I've got the GPS co-ords for the site if you are interested.

Don


----------



## rickwiggans (May 10, 2006)

Brighouse bay is very good. Dumfries & Galloway council have a site almost in the middle of Kirkcudbright, which is also good, and the town is well worth a visit. Also you could consider the site at Loch Ken - nice area too

Rick


----------



## carolgavin (May 9, 2005)

You could consider New England Bay caravan club site at Port Logan, nice gardens and teashoppe plus the Fishpool, well worth a look. Think there is als a CL there as well. Port Logan was he setting for the BBc series Two Thousand Acres of Sky. Also there is Kings Green caravan site in the wee village of Port William KINGS GREEN There is also Garliston another CC site but that one you would probably need to book.

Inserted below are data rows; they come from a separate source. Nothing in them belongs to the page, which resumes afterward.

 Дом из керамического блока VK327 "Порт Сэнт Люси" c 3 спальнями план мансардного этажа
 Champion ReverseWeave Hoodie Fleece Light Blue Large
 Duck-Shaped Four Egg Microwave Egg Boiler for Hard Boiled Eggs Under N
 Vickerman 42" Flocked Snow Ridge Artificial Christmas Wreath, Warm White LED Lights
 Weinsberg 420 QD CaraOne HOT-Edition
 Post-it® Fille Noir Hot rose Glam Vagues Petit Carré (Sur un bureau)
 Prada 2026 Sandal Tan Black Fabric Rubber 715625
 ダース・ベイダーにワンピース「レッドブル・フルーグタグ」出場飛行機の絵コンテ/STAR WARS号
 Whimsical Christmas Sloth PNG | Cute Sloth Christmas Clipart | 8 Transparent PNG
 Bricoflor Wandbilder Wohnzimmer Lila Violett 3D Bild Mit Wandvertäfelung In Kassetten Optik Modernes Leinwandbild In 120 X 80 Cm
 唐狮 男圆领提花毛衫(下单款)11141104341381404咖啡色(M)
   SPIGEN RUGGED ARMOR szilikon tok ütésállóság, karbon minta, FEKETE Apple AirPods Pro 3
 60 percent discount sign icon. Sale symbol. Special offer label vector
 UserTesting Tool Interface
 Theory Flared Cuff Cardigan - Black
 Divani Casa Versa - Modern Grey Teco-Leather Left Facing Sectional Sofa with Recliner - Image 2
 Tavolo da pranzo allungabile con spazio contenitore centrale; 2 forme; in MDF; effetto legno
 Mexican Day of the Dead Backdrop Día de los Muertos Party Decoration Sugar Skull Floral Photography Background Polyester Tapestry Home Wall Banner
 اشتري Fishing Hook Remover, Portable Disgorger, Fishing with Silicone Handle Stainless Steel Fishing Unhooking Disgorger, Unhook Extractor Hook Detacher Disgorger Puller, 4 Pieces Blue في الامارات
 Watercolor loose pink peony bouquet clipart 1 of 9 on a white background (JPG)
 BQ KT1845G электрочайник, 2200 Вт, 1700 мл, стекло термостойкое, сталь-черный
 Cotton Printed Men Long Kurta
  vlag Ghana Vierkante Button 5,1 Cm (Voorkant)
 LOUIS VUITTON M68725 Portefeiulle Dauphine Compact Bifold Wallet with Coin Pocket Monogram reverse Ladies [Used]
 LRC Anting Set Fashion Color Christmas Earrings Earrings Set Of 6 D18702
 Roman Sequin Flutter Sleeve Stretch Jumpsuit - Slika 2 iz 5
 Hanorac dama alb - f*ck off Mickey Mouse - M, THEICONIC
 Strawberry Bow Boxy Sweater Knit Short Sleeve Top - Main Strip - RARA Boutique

The others you mention are a good hour and a half to two hours from Dumfries. One is in Perth, one just outside Ayr and the other in Lanarkshire. If it is Dumfries only you want to stay let me know as we use this area all the time and there are loads of good sites!!


----------



## ksebruce (Nov 5, 2006)

carolgavin said:


> You could consider New England Bay caravan club site at Port Logan, nice gardens and teashoppe plus the Fishpool, well worth a look. Think there is als a CL there as well. Port Logan was he setting for the BBc series Two Thousand Acres of Sky. Also there is Kings Green caravan site in the wee village of Port William KINGS GREEN There is also Garliston another CC site but that one you would probably need to book.
> 
> The others you mention are a good hour and a half to two hours from Dumfries. One is in Perth, one just outside Ayr and the other in Lanarkshire. If it is Dumfries only you want to stay let me know as we use this area all the time and there are loads of good sites!!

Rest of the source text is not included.